Firavun: "Öyleyse ilk nesillerin durumu ne olacak?" dedi.
Firavun, "Öyleyse önceki nesillerin durumu nedir?" dedi.
(Firavun) "(Peki) önceki nesillerin hali ne olacak?" diye sormuştu.
"Peki geçmiş nesillerin hali ne olacak?" dedi.
Firavun: "Öyleyse ilk nesillerin durumu ne olacak?" dedi.
(Firavun:) "Öyleyse şimdiye kadar gelip geçenlerin (eskilerin) durumu ne olacak?"
"Öyleyse önceki kuşakların durumu ne olacak?" dedi.
(Firavun): "İyi ama" dedi, "ya önceki kuşakların durumu ne olacak?"
Dedi: "Peki, ilk nesillerin hali ne olacak?"
(Firavun) Dedi ki: "İlk çağlardaki nesillerin durumu nedir öyleyse?"
Firavun: "Ya, öyle ise, önceki milletlerin durumu nedir?" dedi.
(Firavun:) "Peki" dedi, "ya önceki kuşakların durumu ne oldu?"
Firavun, "Ya geçmiş nesillerin hali ne olacak?" dedi.

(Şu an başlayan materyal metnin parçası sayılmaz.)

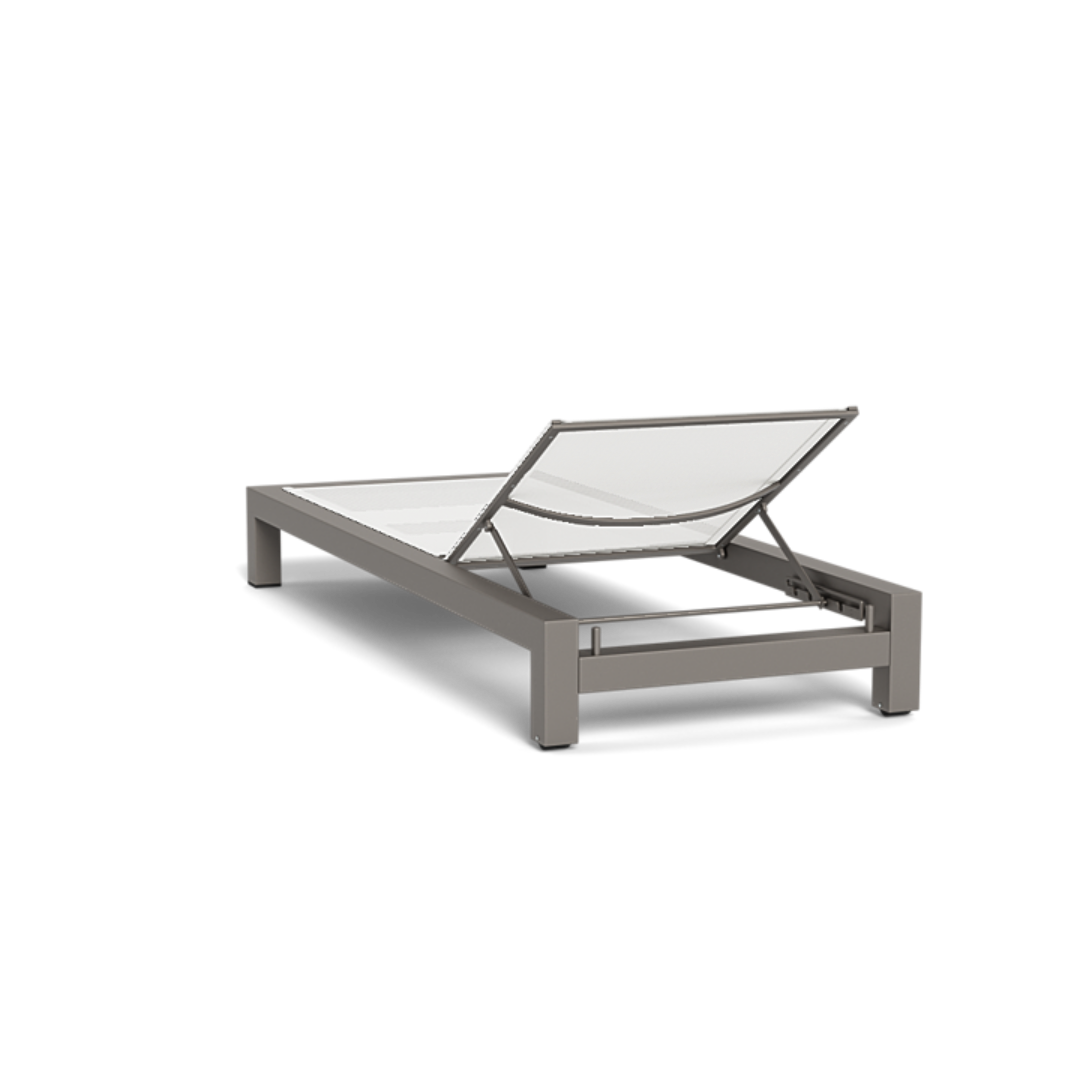 Shop Harbour Pacific Aluminum Sun Lounge (Aluminum Taupe / Batyline White)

Dedi: ya öyle ise kurun-ı ula'nın hali ne?
(Fir'avn): "Peki ya ilk nesillerin hali ne olacak?" dedi.
(Firavun) Dedi ki: "İlk çağlardaki nesillerin durumu nedir öyleyse?"
(Fir'avn) dedi: "Öyleyse evvelki (geçmiş) asırlar (halkın) ın haali nedir"?
Öyle ise önceki nesillerin durumu nedir? dedi.
-Önceki nesillerin durumu ne olacak? dedi.
Firavun dedi ki: "Peki o zaman, önceki nesillerin durum ve akıbeti ne olur?"
(Firavun) sordu: "Peki ya eski nesillerin hali nice olur (çünkü görmediler)?"
'Peki geçmiş nesillerin hali ne olacak,' dedi.
Firavun: "Öyleyse öncekilerin durumu ne olacak?" dedi.
He said: "What then has happened to the previous generations"
Said he: “And what is the case of the former generations?”
He said, ‘What about the previous generations?’
He said, "What about the past generations?"
He said: "What then has happened to the previous generations?"
He said, "What then has happened to the previous generations?